For Sirianni, the piece is saddled with multiple meanings: It commemorates the contributions of the Buffalo Soldiers, members of African-American cavalry regiments who fought valiantly for the United States for nearly a century. It honors the dead of World War I, whose massive sacrifices have faded from memory. It embodies a certain amount of Buffalo pride. And it gives a little nod to one of his favorite singers, Bob Marley.
Out in Brighton Park in Tonawanda, another of Sirianni's monuments rises from the ground like a blooming flower hewn from sparkling granite. Its petals form an abstraction of the letter "V," meant to call to mind all those battle-worn "v" words: "valor," "virtue," "veteran," "victory." Another monument, the centerpiece of the Western New York Vietnam Veterans Memorial on the waterfront, depicts a soldier gazing out across a rice paddy at the rising or setting sun.
"I like to steer away from war scenes. A lot of the monuments you see, they depict a wounded individual that's being carried to safety or maybe in a pieta position, or showing bullets flying overhead," Sirianni said. "My own personal thoughts are people go to pay their respects and remember their loved ones, and maybe they don't need to be reminded of the violent way they died. I just try to show something a little more peaceful."

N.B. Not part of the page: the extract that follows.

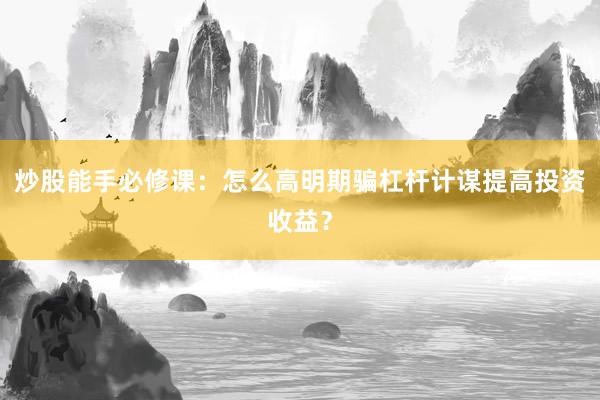炒股能手必修课：怎么高明期骗杠杆计谋提高投资收益？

Peace is Sirianni's preoccupation. It's the same goal he's after in his paintings, which hang until Monday in an impressive exhibition in Ashker's Juice Bar and Cafe on Elmwood Avenue. His work in this show is, for the large part, celebratory and serene, depicting figures like Martin Luther King Jr., President Obama and luminous abstractions based on major events in his life.
It's the same goal he seeks in his therapy work with veterans, many of whom he has helped to process traumatic experiences in conflicts ranging from World War II to the wars in Iraq and Afghanistan. In a more abstract way, it's also the end goal of his part-time work as a courtroom and police sketch artist on many high-profile cases, work that has helped bring solace and closure to victims of crime and information to the public.
Sirianni, whose reach as an artist extends meaningfully into more facets of our society than most painters or sculptors could ever hope to achieve, saw enough of war to know he wanted to leave a legacy of peace. And monument by monument, painting by painting, veteran by veteran, that's precisely what he's doing.